§ **Problem to work on**:
Your answer should be every line with the word "Road", copied from the data below.

§ **Data for the task**:
***

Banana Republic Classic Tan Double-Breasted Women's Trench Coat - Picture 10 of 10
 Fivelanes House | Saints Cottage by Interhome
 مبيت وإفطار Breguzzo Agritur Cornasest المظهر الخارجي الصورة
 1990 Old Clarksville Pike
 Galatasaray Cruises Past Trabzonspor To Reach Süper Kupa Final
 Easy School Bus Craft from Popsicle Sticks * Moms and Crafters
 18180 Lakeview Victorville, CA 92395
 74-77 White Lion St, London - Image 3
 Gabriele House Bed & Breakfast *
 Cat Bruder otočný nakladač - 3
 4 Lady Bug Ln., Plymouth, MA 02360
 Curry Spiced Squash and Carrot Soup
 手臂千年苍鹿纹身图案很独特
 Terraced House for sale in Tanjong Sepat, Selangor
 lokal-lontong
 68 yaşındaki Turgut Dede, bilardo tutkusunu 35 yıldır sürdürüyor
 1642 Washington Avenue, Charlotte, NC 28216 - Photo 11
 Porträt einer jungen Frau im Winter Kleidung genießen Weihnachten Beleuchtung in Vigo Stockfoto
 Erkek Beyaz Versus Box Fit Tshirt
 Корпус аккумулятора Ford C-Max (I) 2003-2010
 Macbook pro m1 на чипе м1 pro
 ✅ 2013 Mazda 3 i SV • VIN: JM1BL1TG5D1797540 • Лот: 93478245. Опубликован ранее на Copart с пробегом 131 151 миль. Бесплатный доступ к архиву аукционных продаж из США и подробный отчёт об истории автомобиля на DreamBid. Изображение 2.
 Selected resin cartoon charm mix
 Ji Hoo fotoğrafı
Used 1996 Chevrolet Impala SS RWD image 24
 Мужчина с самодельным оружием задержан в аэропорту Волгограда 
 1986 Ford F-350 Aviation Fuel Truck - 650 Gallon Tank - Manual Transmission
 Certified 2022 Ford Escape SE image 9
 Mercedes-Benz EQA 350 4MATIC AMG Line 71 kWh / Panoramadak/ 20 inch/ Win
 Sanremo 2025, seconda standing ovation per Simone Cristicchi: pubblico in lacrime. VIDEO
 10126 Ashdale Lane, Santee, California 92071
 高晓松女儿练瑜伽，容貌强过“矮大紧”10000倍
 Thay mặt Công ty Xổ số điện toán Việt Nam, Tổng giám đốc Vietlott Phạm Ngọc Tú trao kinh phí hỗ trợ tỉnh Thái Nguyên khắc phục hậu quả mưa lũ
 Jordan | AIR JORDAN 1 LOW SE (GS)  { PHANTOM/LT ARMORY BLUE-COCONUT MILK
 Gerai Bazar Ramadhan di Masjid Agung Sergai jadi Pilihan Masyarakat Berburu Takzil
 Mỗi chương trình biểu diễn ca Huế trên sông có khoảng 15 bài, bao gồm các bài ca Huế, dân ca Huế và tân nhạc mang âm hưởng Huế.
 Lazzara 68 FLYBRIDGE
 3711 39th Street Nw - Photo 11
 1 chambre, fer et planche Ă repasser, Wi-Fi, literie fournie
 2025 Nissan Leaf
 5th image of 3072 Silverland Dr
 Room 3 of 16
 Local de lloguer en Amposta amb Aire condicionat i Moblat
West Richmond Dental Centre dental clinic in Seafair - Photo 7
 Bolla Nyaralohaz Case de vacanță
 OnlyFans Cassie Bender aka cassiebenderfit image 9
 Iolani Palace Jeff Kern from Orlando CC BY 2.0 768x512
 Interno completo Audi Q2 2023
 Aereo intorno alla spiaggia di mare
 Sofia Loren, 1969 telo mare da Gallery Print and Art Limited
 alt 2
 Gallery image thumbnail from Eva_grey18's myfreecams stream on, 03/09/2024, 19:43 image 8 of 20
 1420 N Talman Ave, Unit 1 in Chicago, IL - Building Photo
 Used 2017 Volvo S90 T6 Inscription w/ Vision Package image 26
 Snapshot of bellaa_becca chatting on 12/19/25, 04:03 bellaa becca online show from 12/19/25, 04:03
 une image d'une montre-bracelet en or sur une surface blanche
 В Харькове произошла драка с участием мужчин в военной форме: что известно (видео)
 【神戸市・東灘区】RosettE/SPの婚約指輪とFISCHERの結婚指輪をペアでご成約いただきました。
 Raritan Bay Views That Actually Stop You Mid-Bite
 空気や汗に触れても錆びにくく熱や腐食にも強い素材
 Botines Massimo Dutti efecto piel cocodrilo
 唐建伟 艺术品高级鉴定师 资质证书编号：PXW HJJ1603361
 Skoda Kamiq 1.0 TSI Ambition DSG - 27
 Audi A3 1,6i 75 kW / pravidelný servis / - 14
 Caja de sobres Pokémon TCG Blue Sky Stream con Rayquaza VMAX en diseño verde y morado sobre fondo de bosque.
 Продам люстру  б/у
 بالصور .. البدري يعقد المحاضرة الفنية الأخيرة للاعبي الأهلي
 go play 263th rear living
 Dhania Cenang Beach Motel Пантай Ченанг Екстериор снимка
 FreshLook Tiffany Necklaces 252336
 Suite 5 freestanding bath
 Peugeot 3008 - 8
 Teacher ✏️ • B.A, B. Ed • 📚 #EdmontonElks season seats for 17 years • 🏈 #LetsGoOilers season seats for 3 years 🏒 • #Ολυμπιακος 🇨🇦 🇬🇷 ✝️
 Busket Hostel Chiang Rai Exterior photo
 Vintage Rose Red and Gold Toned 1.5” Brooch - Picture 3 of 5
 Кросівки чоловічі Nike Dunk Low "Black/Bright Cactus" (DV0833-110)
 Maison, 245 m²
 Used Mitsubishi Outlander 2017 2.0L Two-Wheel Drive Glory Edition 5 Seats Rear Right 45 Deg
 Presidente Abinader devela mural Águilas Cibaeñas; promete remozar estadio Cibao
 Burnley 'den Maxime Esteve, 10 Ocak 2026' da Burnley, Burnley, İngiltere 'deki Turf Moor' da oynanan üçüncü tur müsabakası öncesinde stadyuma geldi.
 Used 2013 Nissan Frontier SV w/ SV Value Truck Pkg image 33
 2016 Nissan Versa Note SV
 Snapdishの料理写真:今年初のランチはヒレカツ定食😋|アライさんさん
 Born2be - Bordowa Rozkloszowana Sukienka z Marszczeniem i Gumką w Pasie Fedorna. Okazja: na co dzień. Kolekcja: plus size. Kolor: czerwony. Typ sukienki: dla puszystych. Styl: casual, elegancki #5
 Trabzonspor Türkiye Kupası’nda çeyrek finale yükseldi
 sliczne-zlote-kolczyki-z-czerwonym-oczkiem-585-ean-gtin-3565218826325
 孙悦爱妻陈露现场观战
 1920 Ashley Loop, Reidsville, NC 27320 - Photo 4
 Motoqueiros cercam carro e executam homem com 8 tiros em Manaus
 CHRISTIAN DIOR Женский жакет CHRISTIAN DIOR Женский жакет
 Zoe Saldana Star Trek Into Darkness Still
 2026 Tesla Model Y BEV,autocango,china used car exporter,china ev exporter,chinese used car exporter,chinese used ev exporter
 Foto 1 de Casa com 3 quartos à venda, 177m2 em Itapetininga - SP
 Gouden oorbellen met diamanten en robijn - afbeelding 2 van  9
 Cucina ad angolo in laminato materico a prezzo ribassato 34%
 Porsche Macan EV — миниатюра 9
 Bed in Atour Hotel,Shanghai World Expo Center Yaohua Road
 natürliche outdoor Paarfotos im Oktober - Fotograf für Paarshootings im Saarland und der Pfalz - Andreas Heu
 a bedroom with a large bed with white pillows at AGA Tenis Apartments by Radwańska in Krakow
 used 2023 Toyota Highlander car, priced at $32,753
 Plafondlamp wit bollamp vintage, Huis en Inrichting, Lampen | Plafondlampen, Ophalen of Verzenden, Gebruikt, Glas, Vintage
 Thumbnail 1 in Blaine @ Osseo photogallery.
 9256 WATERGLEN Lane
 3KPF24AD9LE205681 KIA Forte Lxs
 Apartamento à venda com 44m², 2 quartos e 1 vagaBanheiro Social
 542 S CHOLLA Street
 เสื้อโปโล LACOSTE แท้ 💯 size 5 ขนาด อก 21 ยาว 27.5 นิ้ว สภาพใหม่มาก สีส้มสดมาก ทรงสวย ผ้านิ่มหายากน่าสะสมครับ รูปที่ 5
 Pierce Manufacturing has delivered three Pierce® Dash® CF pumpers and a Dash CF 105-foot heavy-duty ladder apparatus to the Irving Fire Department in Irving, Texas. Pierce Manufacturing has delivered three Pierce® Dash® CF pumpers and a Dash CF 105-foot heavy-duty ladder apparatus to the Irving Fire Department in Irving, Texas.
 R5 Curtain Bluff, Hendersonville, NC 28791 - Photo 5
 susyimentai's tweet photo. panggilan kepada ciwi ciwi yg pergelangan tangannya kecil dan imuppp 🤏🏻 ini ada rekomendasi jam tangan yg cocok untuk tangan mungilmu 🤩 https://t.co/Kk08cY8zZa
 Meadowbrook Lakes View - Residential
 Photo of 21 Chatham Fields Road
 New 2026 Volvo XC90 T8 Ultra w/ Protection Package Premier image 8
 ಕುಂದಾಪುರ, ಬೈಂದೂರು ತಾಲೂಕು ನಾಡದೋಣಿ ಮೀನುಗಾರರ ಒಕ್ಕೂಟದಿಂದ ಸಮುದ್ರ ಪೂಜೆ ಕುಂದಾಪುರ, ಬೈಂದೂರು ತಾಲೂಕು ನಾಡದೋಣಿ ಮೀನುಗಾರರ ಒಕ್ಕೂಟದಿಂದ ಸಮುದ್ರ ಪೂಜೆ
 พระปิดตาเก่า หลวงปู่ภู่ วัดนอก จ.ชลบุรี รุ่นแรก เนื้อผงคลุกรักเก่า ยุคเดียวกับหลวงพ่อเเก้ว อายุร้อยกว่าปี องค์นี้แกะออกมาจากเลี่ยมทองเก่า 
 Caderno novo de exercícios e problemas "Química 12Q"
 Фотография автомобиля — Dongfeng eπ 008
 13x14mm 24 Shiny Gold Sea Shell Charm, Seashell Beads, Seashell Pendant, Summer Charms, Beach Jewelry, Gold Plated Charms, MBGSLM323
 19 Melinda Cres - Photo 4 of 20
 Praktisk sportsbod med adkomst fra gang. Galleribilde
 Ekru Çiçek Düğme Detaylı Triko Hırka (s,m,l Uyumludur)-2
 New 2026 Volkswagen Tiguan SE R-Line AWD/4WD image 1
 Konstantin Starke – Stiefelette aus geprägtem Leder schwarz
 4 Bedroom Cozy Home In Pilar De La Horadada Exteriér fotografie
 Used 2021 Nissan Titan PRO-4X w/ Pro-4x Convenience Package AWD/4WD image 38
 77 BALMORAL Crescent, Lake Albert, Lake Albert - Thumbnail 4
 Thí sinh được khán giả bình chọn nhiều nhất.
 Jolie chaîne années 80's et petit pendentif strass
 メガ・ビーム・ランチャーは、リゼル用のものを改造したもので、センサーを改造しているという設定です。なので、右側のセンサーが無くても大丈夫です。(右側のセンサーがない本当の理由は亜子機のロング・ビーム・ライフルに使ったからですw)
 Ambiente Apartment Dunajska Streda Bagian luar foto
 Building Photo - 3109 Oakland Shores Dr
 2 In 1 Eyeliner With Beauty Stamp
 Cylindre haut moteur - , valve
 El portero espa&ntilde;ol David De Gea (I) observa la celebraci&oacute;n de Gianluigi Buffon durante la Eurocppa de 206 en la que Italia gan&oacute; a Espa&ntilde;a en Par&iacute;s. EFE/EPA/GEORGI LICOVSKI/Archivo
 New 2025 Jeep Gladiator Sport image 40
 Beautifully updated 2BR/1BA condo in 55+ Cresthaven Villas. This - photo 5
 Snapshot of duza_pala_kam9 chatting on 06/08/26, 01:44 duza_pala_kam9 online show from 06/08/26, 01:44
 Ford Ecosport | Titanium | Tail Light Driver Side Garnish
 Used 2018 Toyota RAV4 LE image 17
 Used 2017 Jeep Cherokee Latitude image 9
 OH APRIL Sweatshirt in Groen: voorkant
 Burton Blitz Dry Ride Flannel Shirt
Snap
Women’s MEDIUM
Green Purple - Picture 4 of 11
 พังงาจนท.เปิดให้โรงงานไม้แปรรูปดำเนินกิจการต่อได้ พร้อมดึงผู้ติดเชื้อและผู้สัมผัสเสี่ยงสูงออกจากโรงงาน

***

§ **Expected answer**:
 Bed in Atour Hotel,Shanghai World Expo Center Yaohua Road
 Photo of 21 Chatham Fields Road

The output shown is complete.